Commercial photography would be if you’re actually shooting one of those ads. These include the models in the glossy magazines or the high-end cars you see advertised or anything for that matter, including the well-dressed couple clinking glasses of champagne by the pool, advertising, of course, the champagne. In short: commercial photography constitutes images that are used to sell or promote a product or service.
Quite simply, editorial photography is photojournalism. It is the photos you see in the articles that appear next to the ads. It is determined, but not limited, by the newsworthiness of a photo. It can also be used for educational purposes like textbooks. Editorial images must be accurate portrayals of the subject matter, whether they are of protestors waving flags, police officers making an arrest, or politicians giving speeches.
Editorial photography captures reality and presents it as such.
Turning editorial images into commercial photographs
It is possible to turn some editorial images into commercal images. For example, a lawyer might wish to use an image of an arrest to promote here or his business, suggesting that she or he can fight someone’s case.
If a potential client were to approach you and request the use of one of your editorial images for commercial purposes, you must ensure that your image is ready to go from editorial to commercial use.
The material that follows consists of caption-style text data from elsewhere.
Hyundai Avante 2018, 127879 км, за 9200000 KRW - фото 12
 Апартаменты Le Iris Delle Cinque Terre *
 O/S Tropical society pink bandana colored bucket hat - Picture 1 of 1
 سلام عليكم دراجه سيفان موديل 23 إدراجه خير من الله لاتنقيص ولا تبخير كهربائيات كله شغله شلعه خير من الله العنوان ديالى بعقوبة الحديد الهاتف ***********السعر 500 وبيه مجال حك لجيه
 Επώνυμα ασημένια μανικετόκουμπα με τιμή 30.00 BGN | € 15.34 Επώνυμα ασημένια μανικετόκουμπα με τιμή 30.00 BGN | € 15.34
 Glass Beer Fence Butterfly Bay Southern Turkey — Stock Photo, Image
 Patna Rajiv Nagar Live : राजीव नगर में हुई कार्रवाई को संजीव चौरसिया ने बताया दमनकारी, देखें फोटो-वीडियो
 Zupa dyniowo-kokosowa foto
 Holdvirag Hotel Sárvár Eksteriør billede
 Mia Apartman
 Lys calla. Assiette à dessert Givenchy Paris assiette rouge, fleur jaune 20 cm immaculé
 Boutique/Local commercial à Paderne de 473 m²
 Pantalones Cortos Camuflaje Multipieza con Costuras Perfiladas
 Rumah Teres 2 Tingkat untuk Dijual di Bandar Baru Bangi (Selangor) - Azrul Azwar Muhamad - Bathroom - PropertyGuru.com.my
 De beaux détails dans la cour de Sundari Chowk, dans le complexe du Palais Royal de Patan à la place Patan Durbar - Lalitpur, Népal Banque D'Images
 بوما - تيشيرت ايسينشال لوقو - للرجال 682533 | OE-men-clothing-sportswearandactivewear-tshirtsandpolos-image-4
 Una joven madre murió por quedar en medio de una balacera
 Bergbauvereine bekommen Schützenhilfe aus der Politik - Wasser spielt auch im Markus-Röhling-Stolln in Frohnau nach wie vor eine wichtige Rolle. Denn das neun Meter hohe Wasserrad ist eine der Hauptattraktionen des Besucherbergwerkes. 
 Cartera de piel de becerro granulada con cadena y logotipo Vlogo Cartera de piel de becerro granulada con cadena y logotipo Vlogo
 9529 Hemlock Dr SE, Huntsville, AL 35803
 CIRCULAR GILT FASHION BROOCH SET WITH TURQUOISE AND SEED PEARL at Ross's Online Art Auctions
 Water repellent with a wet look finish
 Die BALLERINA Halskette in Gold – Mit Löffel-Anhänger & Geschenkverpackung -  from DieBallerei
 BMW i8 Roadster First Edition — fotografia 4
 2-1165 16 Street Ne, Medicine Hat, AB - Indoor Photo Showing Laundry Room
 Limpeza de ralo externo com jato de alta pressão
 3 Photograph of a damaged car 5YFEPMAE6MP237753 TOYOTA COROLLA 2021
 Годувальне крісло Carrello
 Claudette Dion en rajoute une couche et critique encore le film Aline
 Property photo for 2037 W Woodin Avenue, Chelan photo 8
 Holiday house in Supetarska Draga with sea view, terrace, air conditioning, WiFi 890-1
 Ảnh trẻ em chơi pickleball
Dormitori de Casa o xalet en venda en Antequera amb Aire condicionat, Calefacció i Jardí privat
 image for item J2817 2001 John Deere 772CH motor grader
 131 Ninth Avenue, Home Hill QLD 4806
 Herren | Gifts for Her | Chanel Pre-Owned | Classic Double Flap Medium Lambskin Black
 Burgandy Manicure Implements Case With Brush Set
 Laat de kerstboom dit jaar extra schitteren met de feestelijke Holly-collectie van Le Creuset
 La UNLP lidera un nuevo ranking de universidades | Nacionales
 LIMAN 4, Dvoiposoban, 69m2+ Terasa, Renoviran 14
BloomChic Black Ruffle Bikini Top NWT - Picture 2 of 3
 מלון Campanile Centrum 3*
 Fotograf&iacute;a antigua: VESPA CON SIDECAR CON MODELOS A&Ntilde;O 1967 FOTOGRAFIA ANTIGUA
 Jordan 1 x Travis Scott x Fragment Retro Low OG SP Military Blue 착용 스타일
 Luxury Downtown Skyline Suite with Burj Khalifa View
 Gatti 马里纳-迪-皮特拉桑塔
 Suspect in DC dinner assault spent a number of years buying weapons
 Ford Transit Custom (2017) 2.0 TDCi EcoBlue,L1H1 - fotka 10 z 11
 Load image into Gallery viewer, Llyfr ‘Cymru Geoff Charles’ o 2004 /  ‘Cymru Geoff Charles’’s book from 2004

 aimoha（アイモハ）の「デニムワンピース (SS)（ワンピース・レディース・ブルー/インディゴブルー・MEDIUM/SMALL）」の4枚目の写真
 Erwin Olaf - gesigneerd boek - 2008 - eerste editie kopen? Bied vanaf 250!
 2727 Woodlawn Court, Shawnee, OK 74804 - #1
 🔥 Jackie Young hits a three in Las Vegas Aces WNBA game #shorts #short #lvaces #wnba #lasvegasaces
In particular, any people that appear in the shot must have granted their permission for it to be used to promote or sell a product or service. This is known as a model release, and if you don’t have one, you can land yourself in hot water.
Knowing the difference
If you shoot enough editorial photographs, you will probably be threatened with lawsuits by people who don’t understand the law. But as long as you know the differences, you have nothing to worry about.